Sadly, it can't last. Though untroubled by the pretentiousness that has marred his recent releases, too often on 'Musicology' Prince reverts to formula as opposed to inverting it - the schmaltzy identikit R&B of 'Call My Name' sounds like a Boyz II Men B-side written to order by Lionel Richie. It's honestly that shit. 'Dear Mr Man''s hamfisted social commentary not only feels laboured, it's spectacularly out of sync with an album that's completely unconcerned with its themes.

Yet there's real genius at work here - from 'If Eye Was The Man In Ur Life''s inspired bling-bling piano lines, to the slow-burning, seductive 'On The Couch' (sample lyric: "I wanna go down south, baby") which serves to remind us that while there are Pygmy tribes in Africa who have a sly snigger at his height, he remains a giant of sex, with come-to-bed falsettos and the original superstar booty.

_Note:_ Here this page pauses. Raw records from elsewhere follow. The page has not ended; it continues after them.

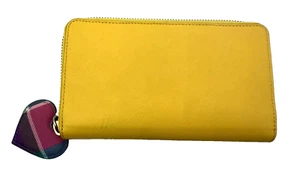 Cartera Talbots Amarillo Brillante y Cuero Saffano a Cuadros Cremallera Alrededor con Dije de Corazón - Imagen 1 de 8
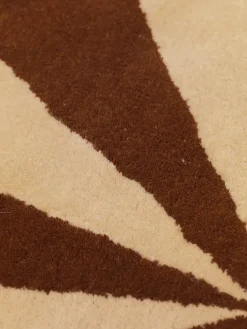 Arch hand tufted rug Ø130 cm, Dark brick-off white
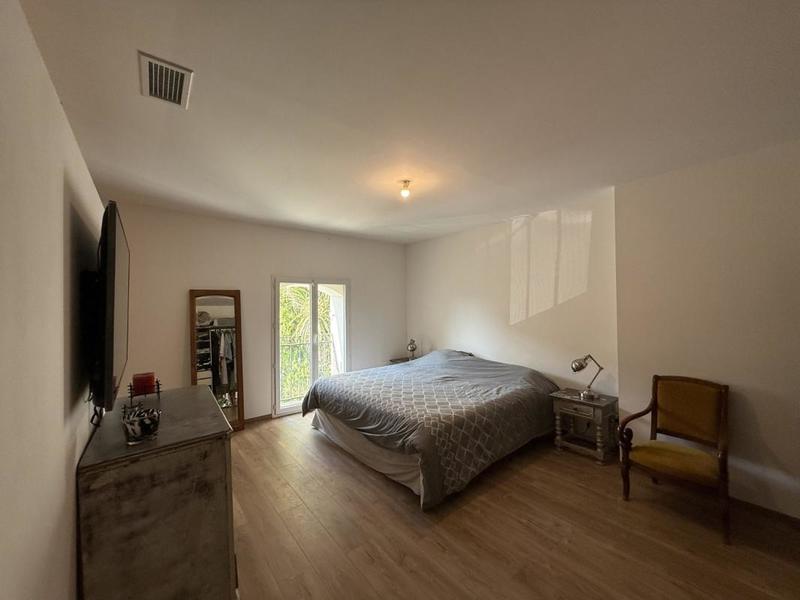 Mas - 197 m² - 5 pièces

Ultimately, 'Musicology' is a kind of flawed redemption, neither inspired enough to be a true classic, nor insipid enough to make it unworthy of your attention. There are moments on here, however fleeting, that prove Prince Rogers Nelson will never lose the ability to surprise and astonish, and there are moments that likewise suggest he'll never lose the ability to frustrate and confound his audience. Nevertheless, at least one of the class of '58's most prodigal of sons has finally returned to something like form.

Barry Nicolson

Rating: 6


NEW YORK TIMES
April 19, 2004

Prince Returns, Trading Rebellion for Gentle Jams
By KELEFA SANNEH

When figure skaters turn professional, what they're really doing is retiring: they keep touring, drawing fans to exhibitions around the country, but their days as serious competitors are over. Something similar happened to Prince after he split with his record company, Warner Brothers, almost a decade ago. He kept touring and releasing CD's, but he seemed to withdraw into his own private kingdom; in the cutthroat pop music industry he was no longer a competitor.

Over the last few months he has changed course again, making a series of public appearances to build anticipation for "Musicology," his return to the world of big-money pop. The album will be released tomorrow on Prince's own NPG label, but it is being manufactured and distributed by Columbia Records.

It is Prince's good or bad fortune to be making his comeback at a time when pretenders are everywhere. André 3000, Pharrell Williams and D'Angelo have invented their own versions of the Prince persona; Missy Elliott and Erykah Badu have chased his spirit across different genres and eras; producers like Felix da Housecat, Daft Punk and Brooks have updated his synthetic thwack for the dance floor.

What's most disappointing about "Musicology," then, is the way Prince reacts to all this sincere flattery: he doesn't. The CD is a casual exhibition of Princeliness, stocked with a handful of old tricks but no new ones. As usual, the songs are "produced, arranged, composed and per4med by Prince," with a few exceptions, and it sounds like the work of a formerly insatiable star who has figured out how to satisfy his own musical ambitions.

The album's first song is the title track, a dose of anorexic funk in which Prince adds nostalgic chatter to a gristly bass line. And there's a winsome, wispy ballad, "Call My Name," in which vague political commentary (transcribed, as usual, according to the same orthographical rules that prevail at your local middle school) melts into bedroom talk: "What's the matter with the world 2day? Land of the free? Somebody lied!/They can bug my phone, peep around my home, they'd only c u and me makin' love inside."

Mainly, though, "Musicology" is given over to gentle jams that never really get going. Prince sounds comfortable and contented throughout, which might be part of the problem. In 2001 he released a much better CD, "The Rainbow Children" (NPG), which used expansive and unpredictable jazz-funk tracks to tell the tale of a rebellious (and, not coincidentally, funky) tribe fighting against the bland and oppressive rulers of the Digital Garden. The new album could use a bit of that fighting spirit.